## SUPPLIED ENTRIES
************

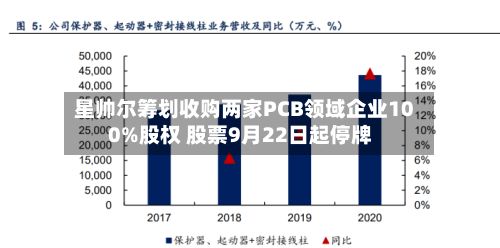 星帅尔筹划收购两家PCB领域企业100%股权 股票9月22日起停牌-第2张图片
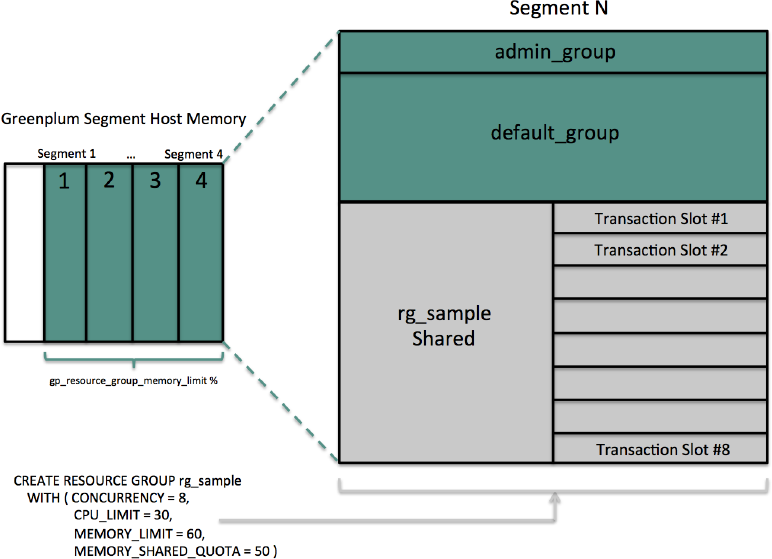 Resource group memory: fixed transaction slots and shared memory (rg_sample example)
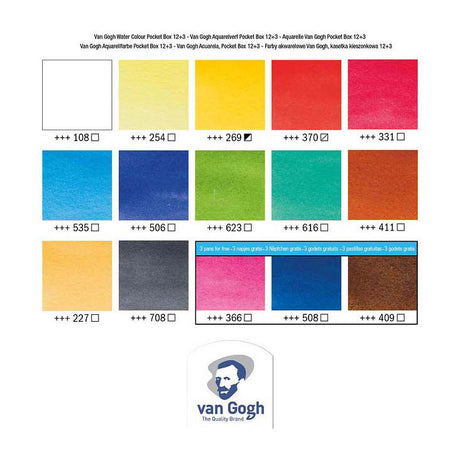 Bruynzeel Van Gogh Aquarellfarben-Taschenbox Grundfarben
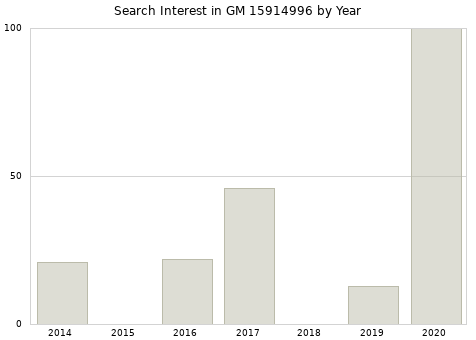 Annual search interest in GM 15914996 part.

************

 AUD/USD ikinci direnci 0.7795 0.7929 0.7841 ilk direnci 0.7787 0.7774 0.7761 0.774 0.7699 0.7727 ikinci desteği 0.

************

## EXERCISE PROMPT
Please return the data above exactly as it stands from the line with "星帅尔筹划收购两家PCB领域企业100%股权 股票9月22日起停牌-第2张图片" to the line with "Annual search interest in GM 15914996 part.", keeping both of those lines but none of the pictures.

## ANSWER TO THE PROBLEM
 星帅尔筹划收购两家PCB领域企业100%股权 股票9月22日起停牌-第2张图片
 Resource group memory: fixed transaction slots and shared memory (rg_sample example)
 Bruynzeel Van Gogh Aquarellfarben-Taschenbox Grundfarben
 Annual search interest in GM 15914996 part.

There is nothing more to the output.